-- Problem statement --
Could you return each line from the one bearing "Now you will" through the last line of the entries, exactly as it stands, with no pictures?

-- Input data --
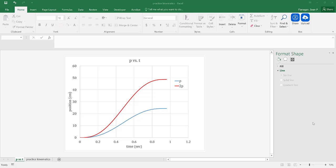In this video, I'm going to show you how to export a graph from Excel and then import it into Word.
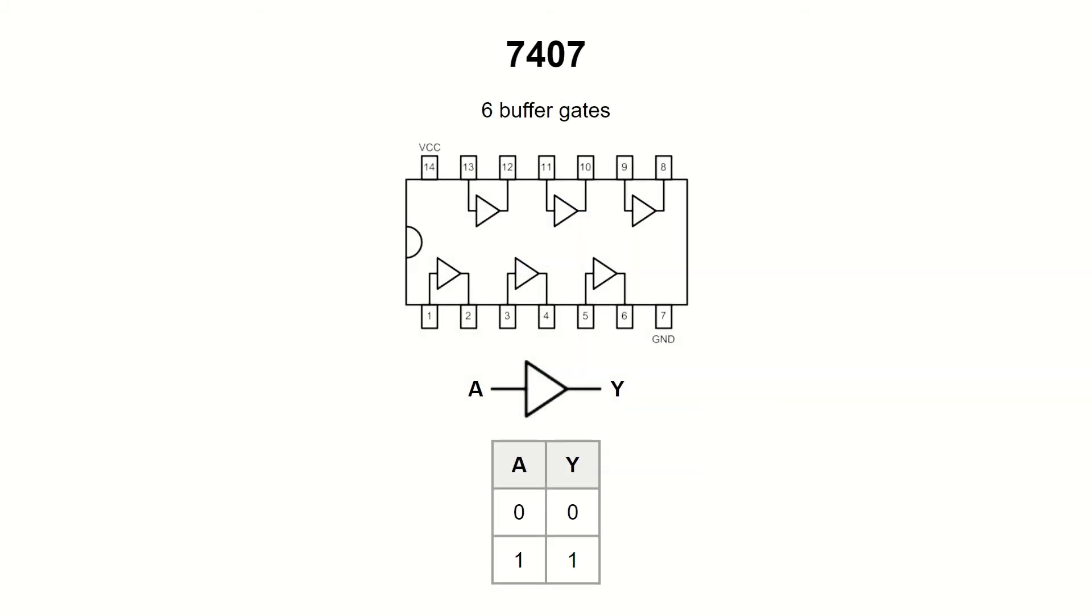As a final note, let me just mention the buffer gates like, for example, 7407 or 7417. They also have one input and one output, but unlike the inverters, they do not negate the signal. Whatever state the input is in, the buffer repeats it on the output.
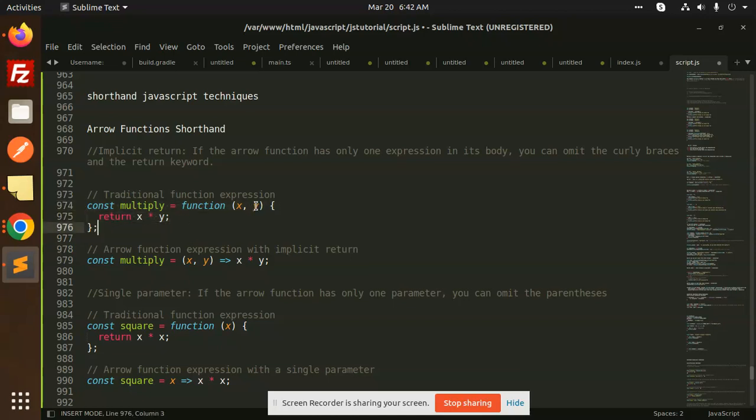With the help of arrow functions, any doubt, any query in that, let me know in the comment section. Thank you so much for watching this video. Have a great day.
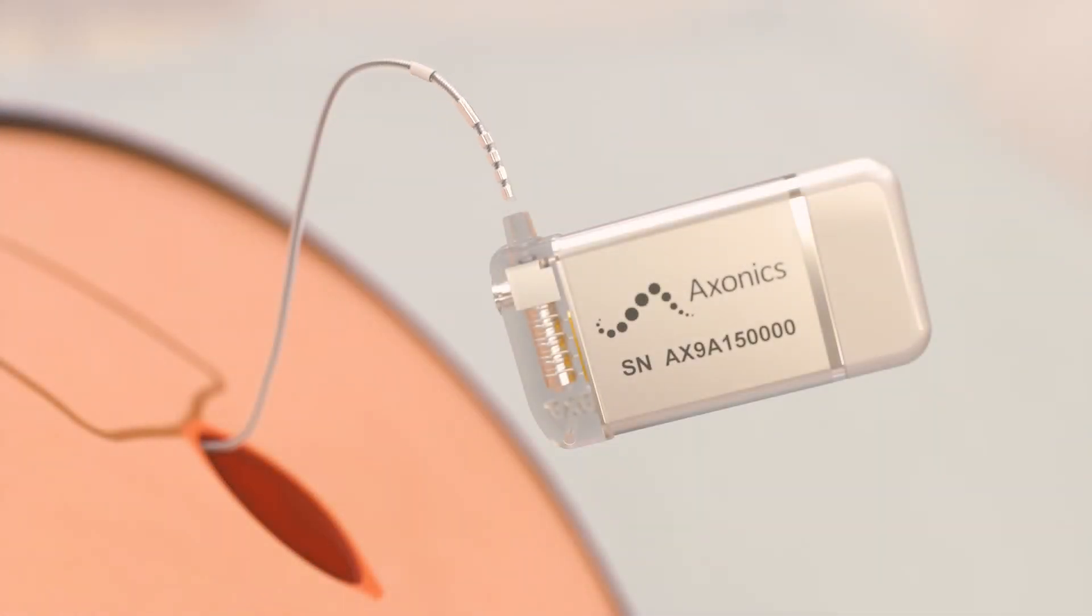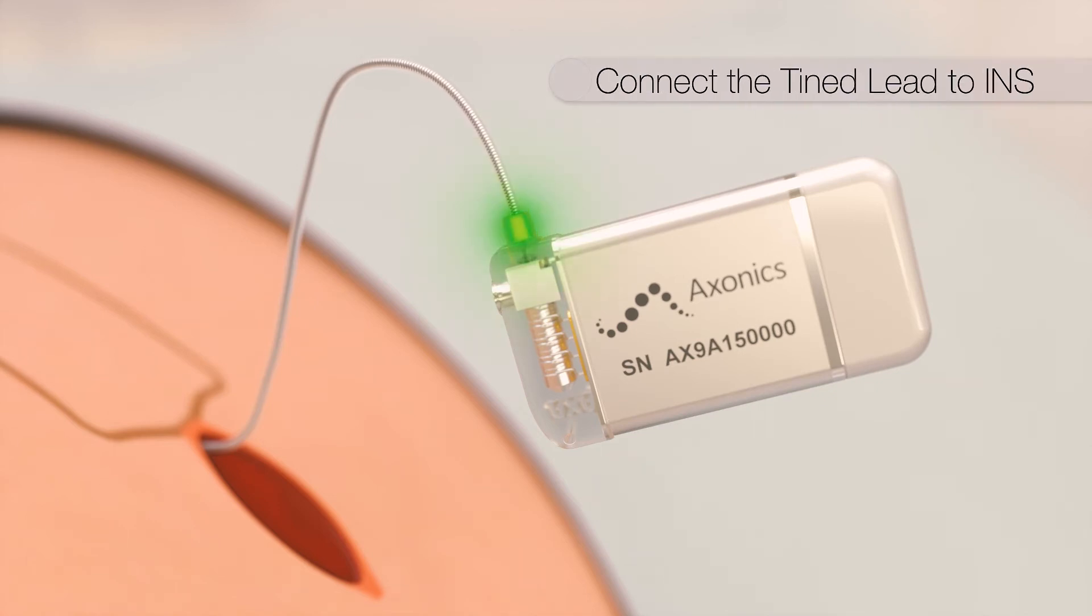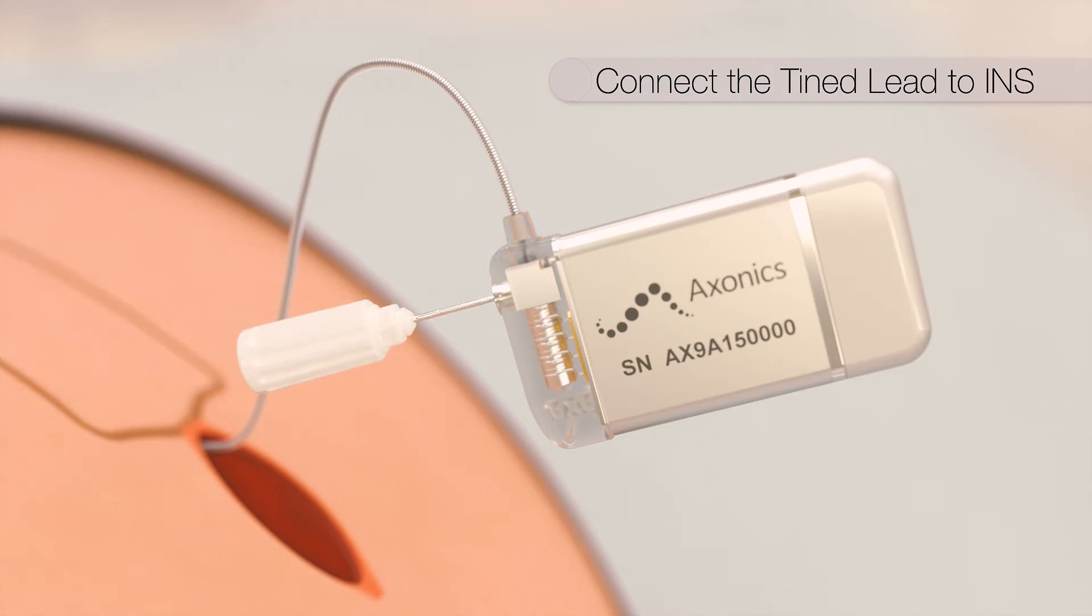The lead is connected to the stimulator ensuring the white indicator is inside the clear portion of the header. The lead is secured using the torque wrench to tighten the set screw until a click is heard.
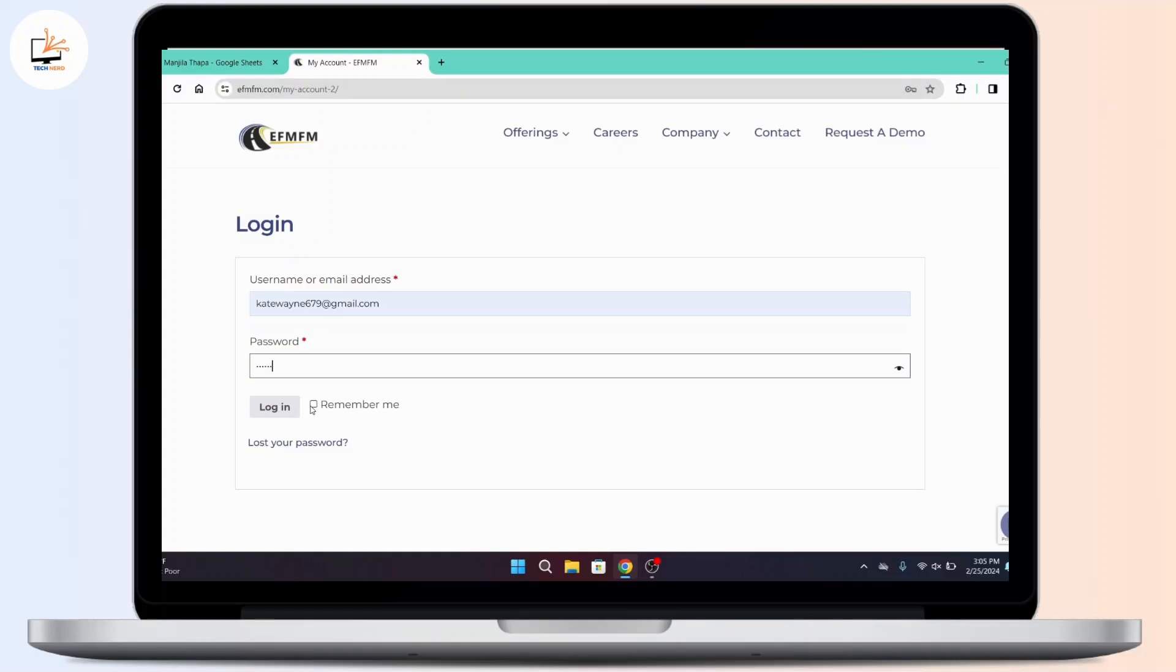In case you lost your password, there is a link provided that says lost your password. Click on that, follow some screen instructions and that will help you recover your account.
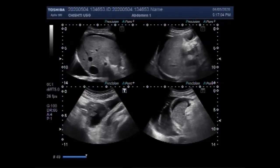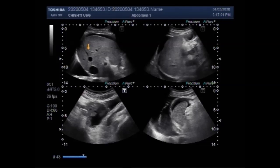Now you will see the labelling of this picture. This is the liver. This is the liver. This is the pleural effusion.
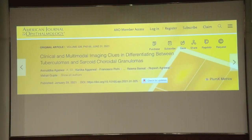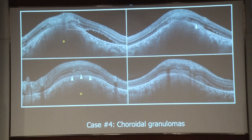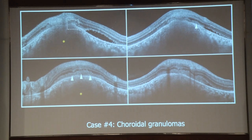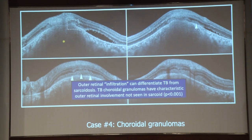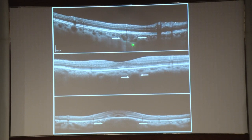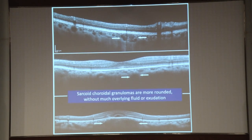The last case is based on a publication differentiating TB and sarcoid granulomas. If you have a very large choroidal granuloma, you can image it using OCT. When you have outer retinal fuzziness or infiltration with subretinal fluid, it is definitely going in favor of TB and not sarcoid. On the other hand, if you have well-circumscribed choroidal granulomas without much subretinal fluid or outer retinal infiltration, it goes in favor of sarcoidosis. Of course, you have to look at systemic investigations like chest CT, IGRA, and other tests. With this, I'd like to end — if there are any questions, we can take them at the end. Thank you.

-- Written solution --
Now you will see the labelling of this picture. This is the liver. This is the liver. This is the pleural effusion.
The last case is based on a publication differentiating TB and sarcoid granulomas. If you have a very large choroidal granuloma, you can image it using OCT. When you have outer retinal fuzziness or infiltration with subretinal fluid, it is definitely going in favor of TB and not sarcoid. On the other hand, if you have well-circumscribed choroidal granulomas without much subretinal fluid or outer retinal infiltration, it goes in favor of sarcoidosis. Of course, you have to look at systemic investigations like chest CT, IGRA, and other tests. With this, I'd like to end — if there are any questions, we can take them at the end. Thank you.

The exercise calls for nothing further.